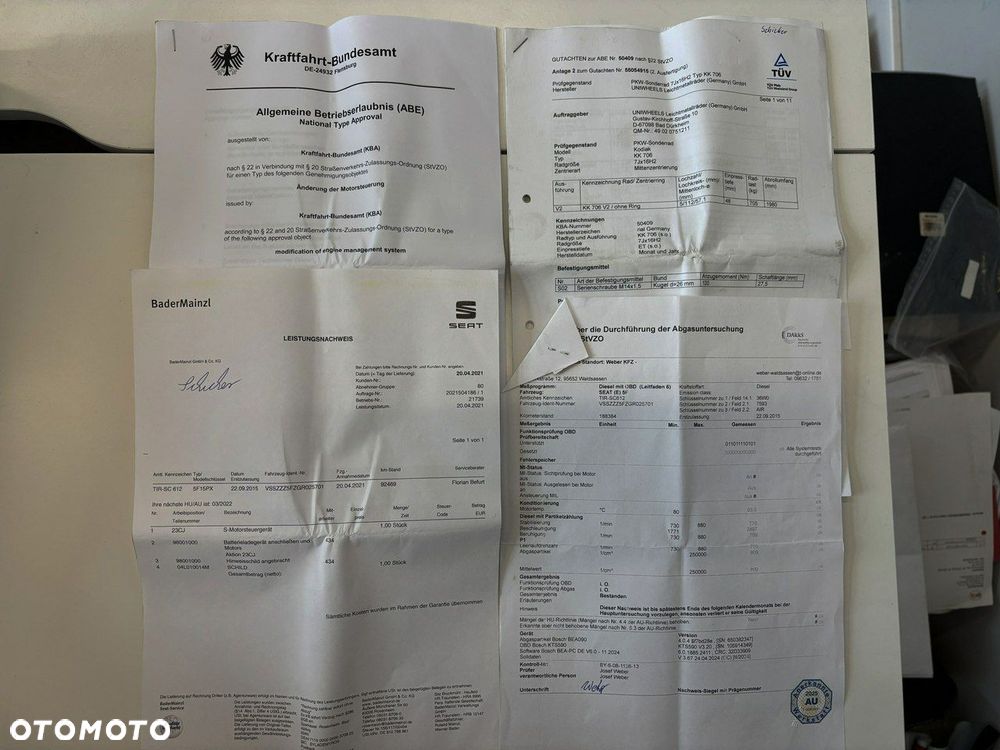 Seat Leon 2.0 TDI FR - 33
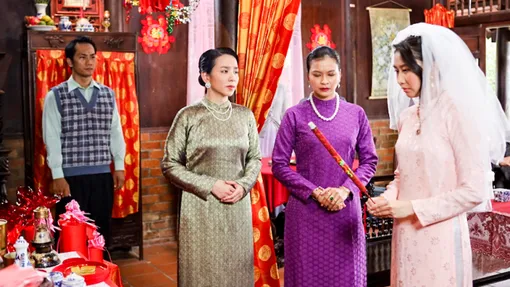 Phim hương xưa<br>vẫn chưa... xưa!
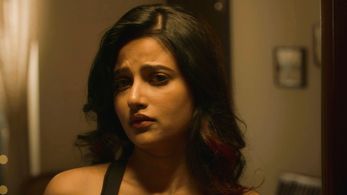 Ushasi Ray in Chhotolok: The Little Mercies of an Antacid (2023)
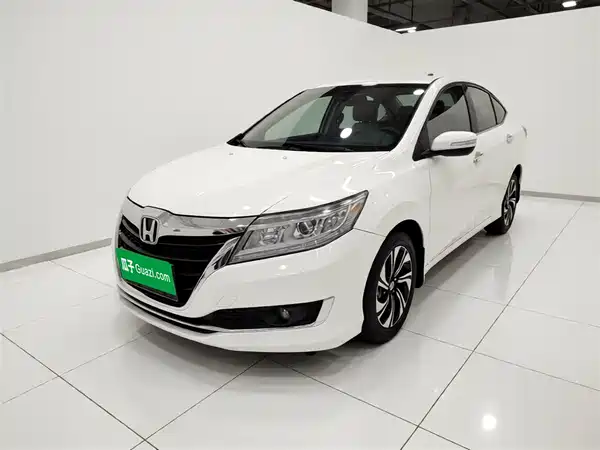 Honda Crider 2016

**Problem description**
Starting at the line that holds "Phim hương xưa<br>vẫn chưa... xưa!", copy each line exactly through the end of the listing, both ends included. Leave the pictures out.

**Exercise output**
 Phim hương xưa<br>vẫn chưa... xưa!
 Ushasi Ray in Chhotolok: The Little Mercies of an Antacid (2023)
 Honda Crider 2016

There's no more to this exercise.